What the task requires = Your output should be everything below from the line containing "リビング/ダイニングの画像" down to the line containing "Luke Bryan and", both ends included, copied exactly, with pictures left out.

--- Data provided ---

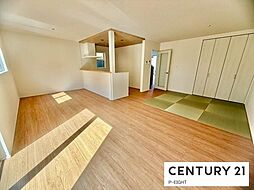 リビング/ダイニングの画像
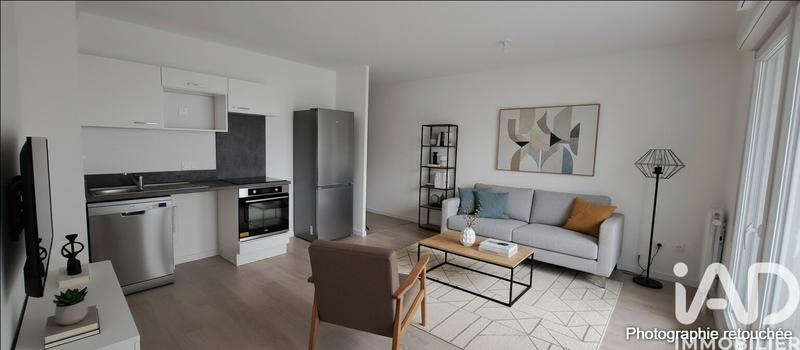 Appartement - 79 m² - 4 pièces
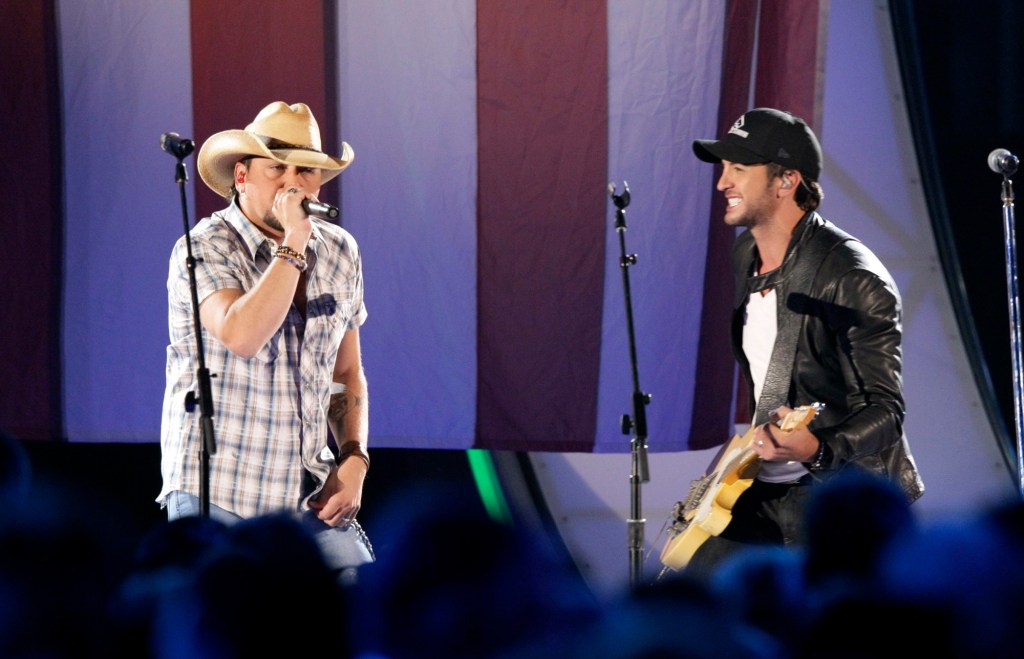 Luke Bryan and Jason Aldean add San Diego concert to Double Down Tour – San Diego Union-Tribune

---
--- Data provided ---

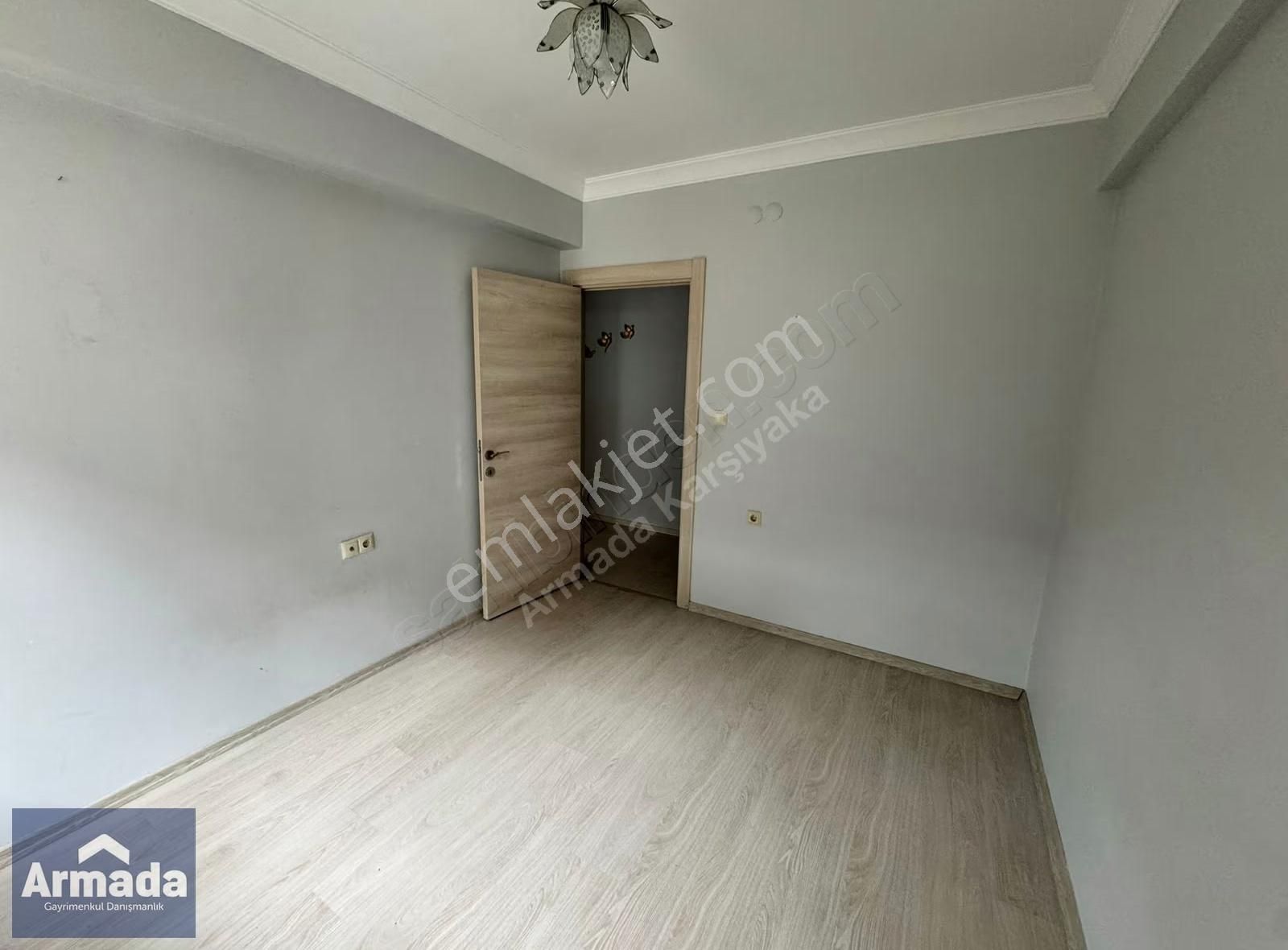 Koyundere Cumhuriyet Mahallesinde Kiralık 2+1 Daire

---
--- Data provided ---

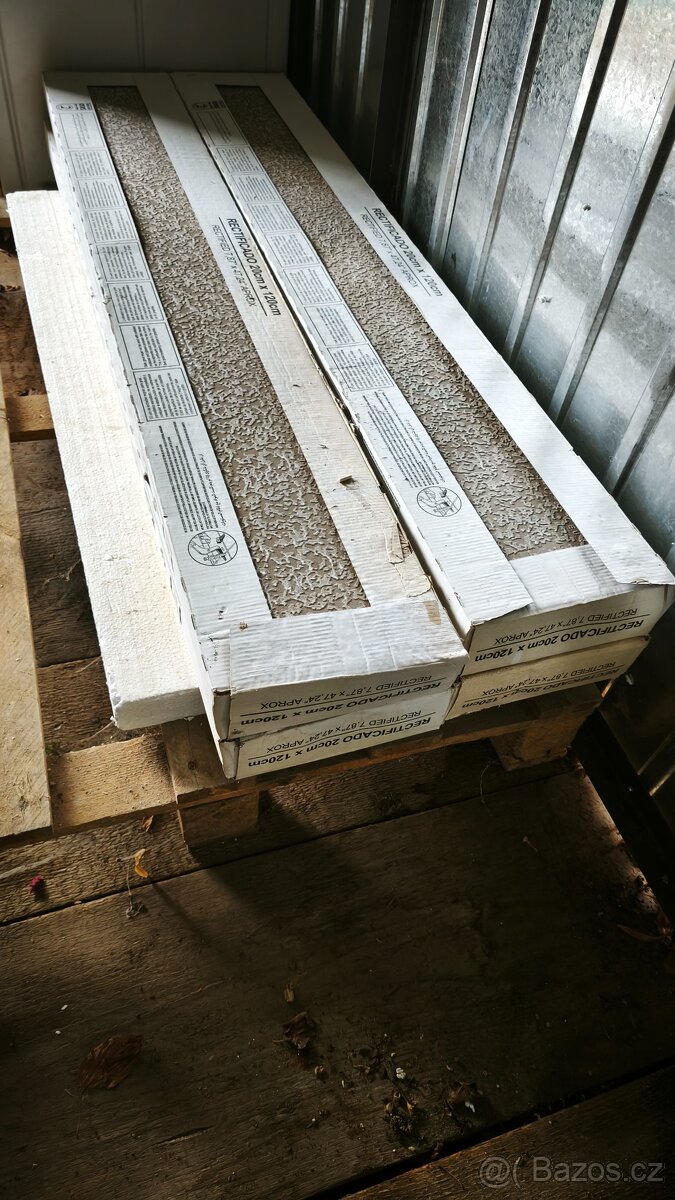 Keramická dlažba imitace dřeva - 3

---

Exercise solution =
 リビング/ダイニングの画像
 Appartement - 79 m² - 4 pièces
 Luke Bryan and Jason Aldean add San Diego concert to Double Down Tour – San Diego Union-Tribune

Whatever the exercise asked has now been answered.